Wine of the week: Husch, 2014 Mendocino Chardonnay

With aromas and warm flavors of fruit and a touch of caramel, this week’s wine pick leaves a lasting impression.|

Chardonnay is a versatile actor, one that has countless costumes.

That’s what fascinates Brad Holstine about the varietal.

Holstine is the winemaker/family owner behind our wine-of-the-week winner, the Husch, 2014 Mendocino Chardonnay at $15. This chardonnay catches you off guard because it has so much going on. It’s more layered than you would expect for a $15 wine. The chardonnay has aromas and flavors of apple, pineapple, pear, toast and a hint of caramel. Yet the wine’s bright fruit upstages the other flavors, leaving a lasting impression.

Holstine said what the uninitiated don’t know about chardonnay is how readily it lends itself to different styles.

“From sparkling wine to unoaked fruit-forward bottlings or a big oaky California style, chardonnay remains extremely generous over a very wide range of styles,” he said.

It’s these varied permutations that continue to wow Holstine. That said, the style he opts for is complex, yet fruit forward.

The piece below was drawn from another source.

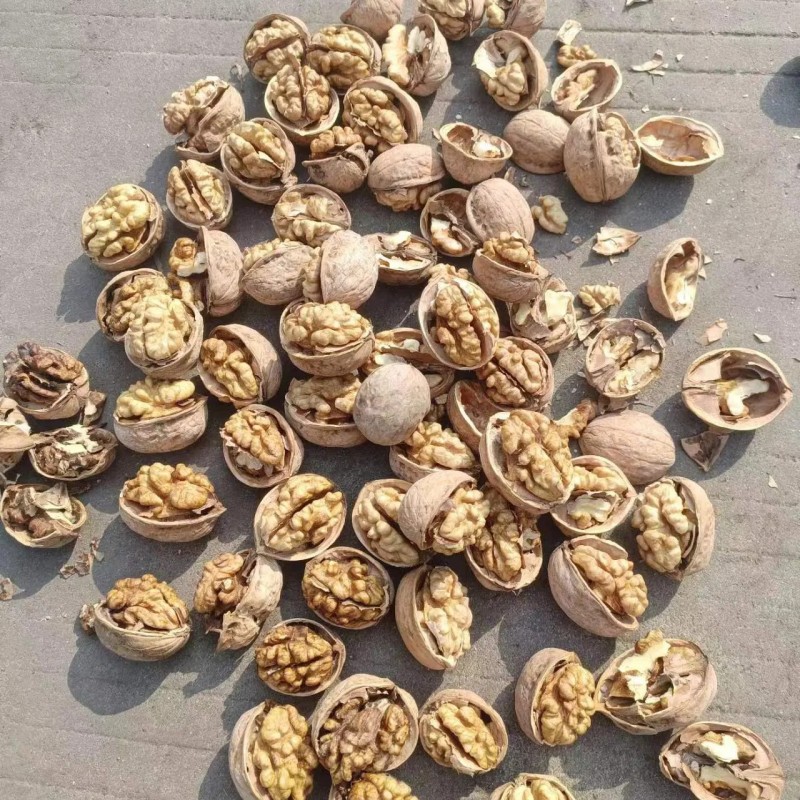 High Quality 185 Walnut Inshell Stocks Sale at The Factory Price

“Our focus for the 2014 Mendocino chardonnay was to craft a traditional barrel fermented chardonnay, with the lush palate, spice undertones and barrel nuances expected from barrel fermentation, while letting the fruit shine above all.”

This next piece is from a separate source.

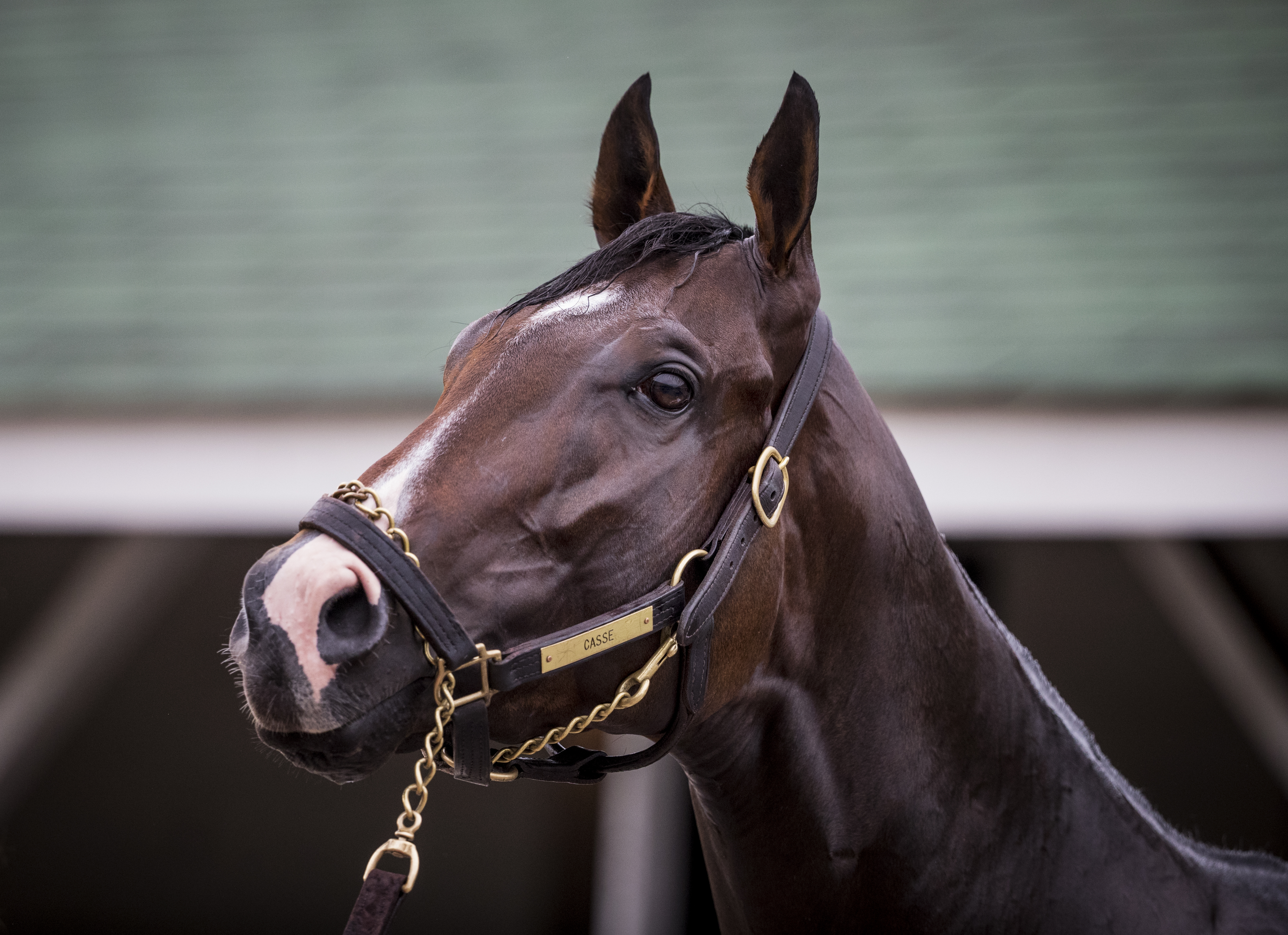 Kentucky Derby and Oaks Preparations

Holstine’s title is winemaker/family owner, and he has been with Husch Vineyards in Philo since 2006. He came on board as assistant winemaker in 2003. His degree in environmental engineering from Cal Poly in 1996, which he followed up by working for several small wineries.

In 1992 Holstine was working harvest at Saucelito Canyon Vineyard, a small zinfandel producer located in a remote corner of the Central Valley outside of San Luis Obispo.

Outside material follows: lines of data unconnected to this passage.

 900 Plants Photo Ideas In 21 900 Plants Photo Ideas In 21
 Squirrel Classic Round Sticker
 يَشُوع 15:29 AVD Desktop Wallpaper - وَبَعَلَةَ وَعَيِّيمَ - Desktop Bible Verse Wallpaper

What inspired Holstine most in those early days was the grape harvest. He said it made quite an impression on him.

“I quickly discovered that many of the concepts, chemistry and mechanical systems used in the wine industry were very similar to what I was studying in my engineering curriculum,” Holstine said. “I promptly fell in love with winemaking based on these parallels. It was also pretty obvious that the romance of winemaking trumped the romance of wastewater engineering in a heartbeat.”

As a winemaker, Holstine plays to his strengths while keeping his weaknesses in check.

“I’m hopeful that my strength is respecting the fruit and keeping things simple,” he said. “No doubt about one of my weaknesses. I’m known to over analyze; I guess it’s the engineer in me.”

Asked how Husch can afford to make a $15 wine that over-delivers, Holstine said, “We are a small, family-owned and operated winery under the leadership of the third generation. “We are extremely lucky that Husch has been established for a long time … Our priority is making the best wines we can each and every vintage and sell these wines at a fair price.”